Iaido has become a popular form of martial arts that's practiced by thousands of people from around the world. Originating in feudal Japan, it focuses on drawing one's sword and responding to an attack. In this post, we're going to explore this traditional Japanese martial art, revealing five facts that may surprise you.
#1) There Are Iaido Schools
To put the popularity of Iaido into perspective, there have been numerous schools that teach this martial art. During Japan's Muromachi period, for instance, the Musō Jikiden Eishin-ryū school emerged, bringing this martial art to countless students. Around this same time, the Hoki-ryu school also emerged. According to the All Japan Iaido Federation, there were five major schools that contributed to the development of this now-popular martial art.
#2) Iaido Involves Hundreds of Swordsmanship Styles
No, that's not a typo. Iaido involves the use of hundreds of different styles of swordsmanship. Here's the thing: They all focus on non-combative techniques rather than direct combat.

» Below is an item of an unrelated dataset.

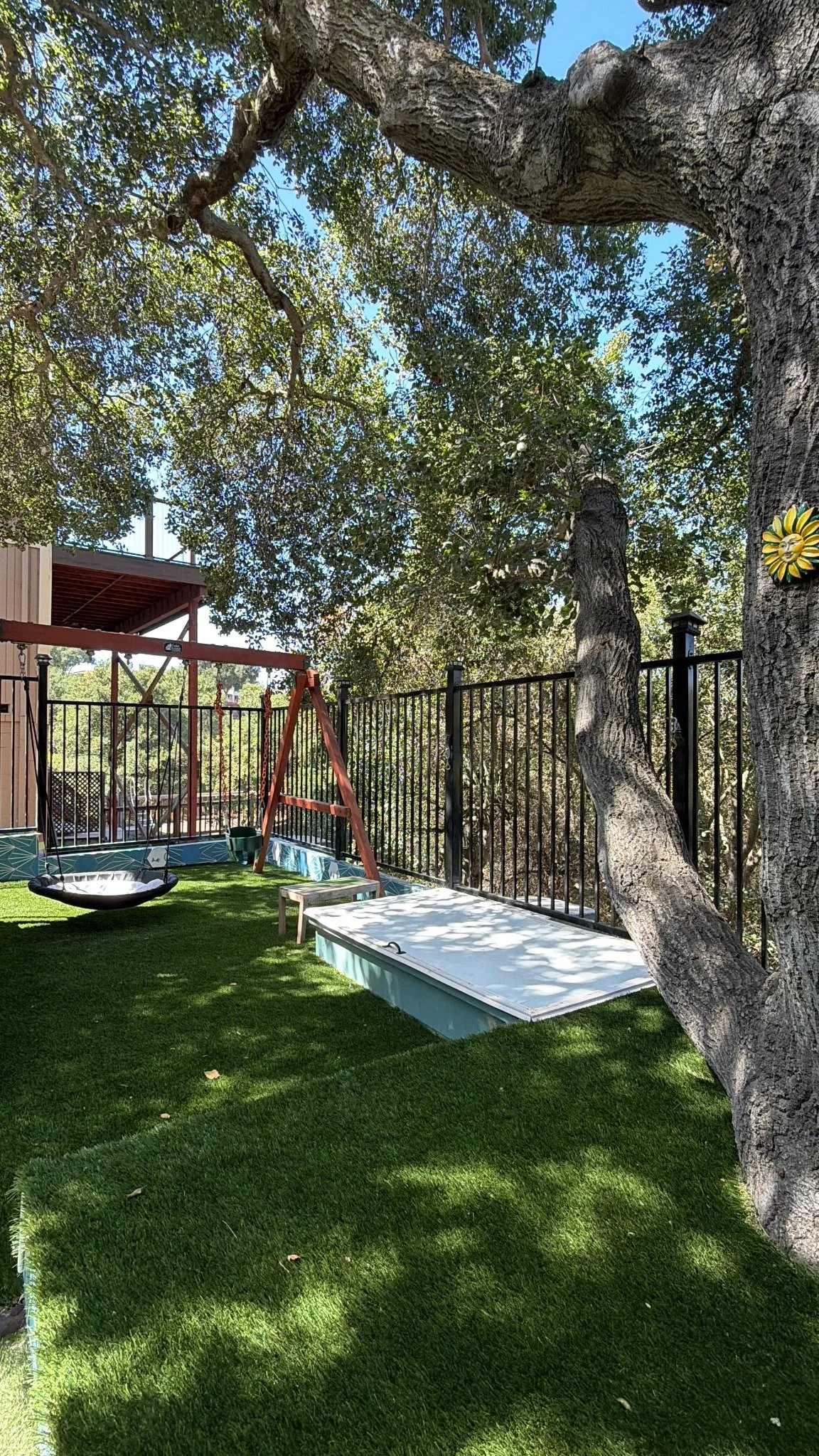 A shaded corner of the playground with a large tree, swing, and covered sand area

There are two main focuses of this martial art. First, the practitioner must maintain a sense of psychological awareness, always looking for signs of impending attack. Second, the practitioner must be able to draw his or her sword quickly and respond to an opponent's attack.

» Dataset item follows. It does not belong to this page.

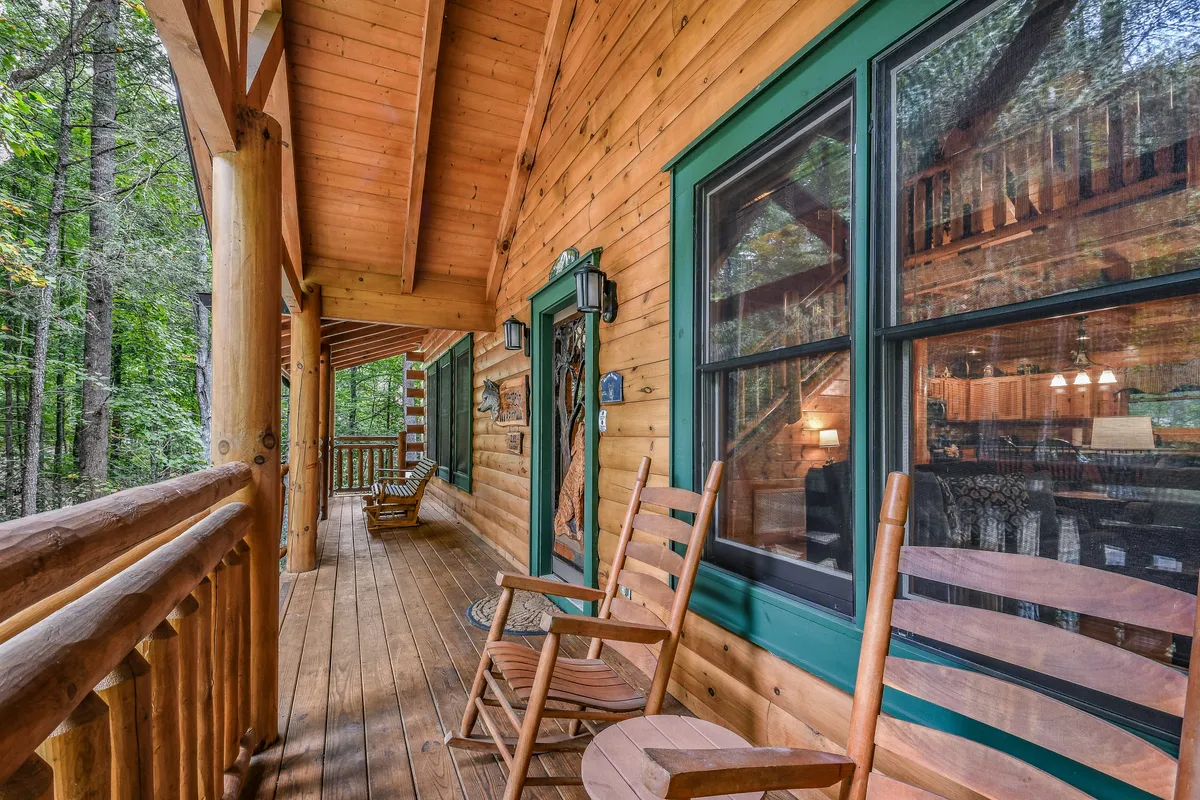 An inviting exterior view of the cabin’s porch, featuring wooden rocking chairs looking out over lush greenery. The log cabin structure is visible, and the peaceful surroundings encourage relaxation, sunrise coffee moments, and evening star-gazing.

#3) Iaido Is Practiced Solo
Although Iaido emphasizes the importance of responding to an attack, the martial art is usually practiced solo. A typical competition begins with a single practitioner unsheathing and drawing his or her sword, after which they perform practice strikes using various techniques. An Iaido match always begins and ends with the practitioner unsheathing and sheathing his or her sword.
#4) Iaido Requires a Special Sword
In the past, Iaido was practiced with live-blade swords like the traditional Japanese katana or wakizashi. In recent years, however, practitioners have since switched to a different sword for this martial art, known as a iaito. The iaito isn't just another bamboo or wood practice sword. Rather, it's a real sword with a blunt edge. This allows practitioners to make proper striking techniques while minimizing the risk of self-injury in the process.

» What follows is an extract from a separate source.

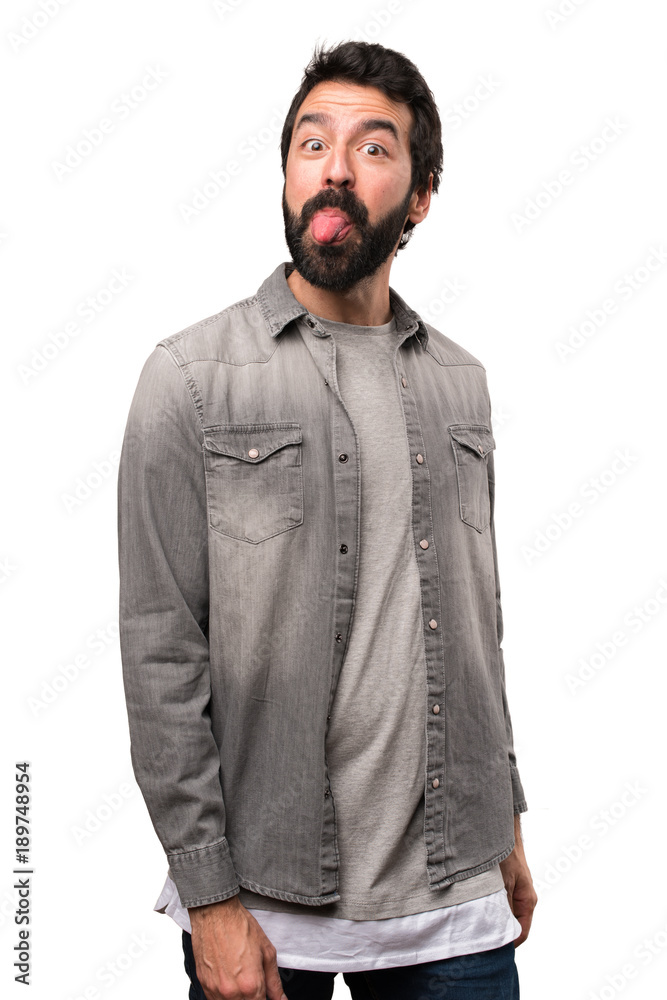 Handsome man with beard taking out his tongue on white background Handsome man with beard taking out his tongue on white background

#5) Iaido Is Still Practiced
Even after all those years, Iaido is still practiced by thousands of people from across the world. The sport is currently regulated by the All Japan Kendo Federation (AJKF), which creates standards regarding kata and etiquette, while also organizing and regulating competitions. Even in Europe, Iaido is practiced and organized by the European Kendo Federation, which hosts a competition each year.